- _WHAT YOU SHOULD DO_
Every line of the entries below from the one containing "106 W Allen St Kentland-27" to the one containing "Same specifications photo", both ends included, must be written out exactly. No other line belongs in the answer.

- _RECORDS PROVIDED_
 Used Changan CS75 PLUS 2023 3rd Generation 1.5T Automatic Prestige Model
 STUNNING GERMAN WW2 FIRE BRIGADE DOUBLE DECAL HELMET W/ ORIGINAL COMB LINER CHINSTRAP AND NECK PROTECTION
* * *
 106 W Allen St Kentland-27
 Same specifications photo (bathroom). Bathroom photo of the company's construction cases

- _SOLUTION TO THIS EXERCISE_
 106 W Allen St Kentland-27
 Same specifications photo (bathroom). Bathroom photo of the company's construction cases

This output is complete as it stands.